Geek's Log: April 2007

Tuesday, April 24, 2007

The Computational Chemistry Cluster of IIITMK

The Computational Chemistry Portal project in IIITM-K help to work in frontier areas in chemistry through interaction with world-class experts and web-accessed resources in order to build Quality education in Chemistry interactively from basic to graduates,post graduates and research levels.The specific aim of this portal is that it has to enable computation in chemistry through grid access to open source software and high end computers spread accross universities and institutions.The use of the Web-enabled software WebMO is a good step ahead in this endeavour.

This project aims at making use of the computational infrastructure of the IIITM-K especially the high-end servers like Linux and Solaris.As IIITM-K has a 24x7 datacenter facilities and high bandwith availability, this portal has found it to be a good choice to host it there.Moreover, the project here are strongly based on service-oriented principles and ready availability.

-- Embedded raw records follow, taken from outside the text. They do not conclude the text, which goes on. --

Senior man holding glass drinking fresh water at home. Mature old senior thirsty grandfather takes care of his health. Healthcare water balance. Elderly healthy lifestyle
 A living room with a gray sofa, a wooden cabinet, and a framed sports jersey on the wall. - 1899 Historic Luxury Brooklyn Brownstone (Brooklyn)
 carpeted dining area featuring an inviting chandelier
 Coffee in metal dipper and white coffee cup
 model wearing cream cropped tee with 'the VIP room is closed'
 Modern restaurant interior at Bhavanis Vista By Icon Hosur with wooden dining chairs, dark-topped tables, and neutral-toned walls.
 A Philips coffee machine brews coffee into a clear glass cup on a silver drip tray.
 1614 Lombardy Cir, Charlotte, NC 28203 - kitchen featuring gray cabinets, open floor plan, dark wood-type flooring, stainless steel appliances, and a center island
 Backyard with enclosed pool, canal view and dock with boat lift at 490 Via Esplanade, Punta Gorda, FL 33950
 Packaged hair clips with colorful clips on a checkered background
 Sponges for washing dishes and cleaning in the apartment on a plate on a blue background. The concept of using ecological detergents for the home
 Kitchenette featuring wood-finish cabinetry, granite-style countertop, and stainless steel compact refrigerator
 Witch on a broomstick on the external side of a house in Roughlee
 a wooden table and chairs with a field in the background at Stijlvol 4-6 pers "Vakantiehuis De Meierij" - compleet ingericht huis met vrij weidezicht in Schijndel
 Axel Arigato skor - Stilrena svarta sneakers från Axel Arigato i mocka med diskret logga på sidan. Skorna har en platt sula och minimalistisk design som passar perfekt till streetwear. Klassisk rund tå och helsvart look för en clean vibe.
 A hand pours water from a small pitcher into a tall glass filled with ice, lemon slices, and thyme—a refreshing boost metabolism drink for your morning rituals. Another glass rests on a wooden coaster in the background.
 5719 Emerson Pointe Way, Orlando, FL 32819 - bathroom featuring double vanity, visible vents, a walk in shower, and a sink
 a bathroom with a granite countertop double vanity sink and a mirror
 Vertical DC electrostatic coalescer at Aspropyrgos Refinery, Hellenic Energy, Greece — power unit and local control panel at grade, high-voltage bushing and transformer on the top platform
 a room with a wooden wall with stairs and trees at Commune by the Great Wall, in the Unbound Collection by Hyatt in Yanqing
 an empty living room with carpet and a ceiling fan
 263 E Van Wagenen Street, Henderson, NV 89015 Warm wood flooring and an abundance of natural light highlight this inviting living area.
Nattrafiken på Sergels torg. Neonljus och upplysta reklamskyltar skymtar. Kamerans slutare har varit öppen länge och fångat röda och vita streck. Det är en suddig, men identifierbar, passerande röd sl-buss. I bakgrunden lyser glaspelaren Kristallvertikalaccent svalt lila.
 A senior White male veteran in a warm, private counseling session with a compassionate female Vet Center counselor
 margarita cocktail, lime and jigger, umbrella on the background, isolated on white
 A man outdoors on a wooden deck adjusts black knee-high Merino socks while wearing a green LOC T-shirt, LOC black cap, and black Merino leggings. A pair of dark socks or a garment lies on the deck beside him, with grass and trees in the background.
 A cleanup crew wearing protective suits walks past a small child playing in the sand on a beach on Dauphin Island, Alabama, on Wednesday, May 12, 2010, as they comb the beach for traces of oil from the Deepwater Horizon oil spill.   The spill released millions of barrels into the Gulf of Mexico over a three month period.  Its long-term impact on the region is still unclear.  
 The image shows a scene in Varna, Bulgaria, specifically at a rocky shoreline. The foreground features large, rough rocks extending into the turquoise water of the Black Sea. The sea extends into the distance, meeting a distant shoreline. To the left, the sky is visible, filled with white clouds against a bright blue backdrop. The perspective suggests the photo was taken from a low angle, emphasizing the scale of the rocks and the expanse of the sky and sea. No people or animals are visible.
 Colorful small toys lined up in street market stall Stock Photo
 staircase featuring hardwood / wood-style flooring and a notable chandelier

Figure 1 : A typical HPC Stack

IIITMK has a coherent Servers Farm comprised of seven high-end servers and a CD-stack server with total capacity approaching a terabyte. It provides a wide variety of Intranet and Web space services. This server farm is accessible from anywhere facilitated by policy-based access mechanisms. Most of the services are accessible through 'My Desktop' and the dot NET Enterprise Servers and Linux Servers.

Let me chalk out the computational resources employed in this portal under IIITM-K.The Computational Chemistry Portal,its associated services like Blog, the analytical chemistry portal,etc are hosted under high-speed SUN Solaris servers which make the web part.The backend of this portal is a set of High-performance Cluster(HPC) machines which provide aggregate computational speed of 5 individual machines.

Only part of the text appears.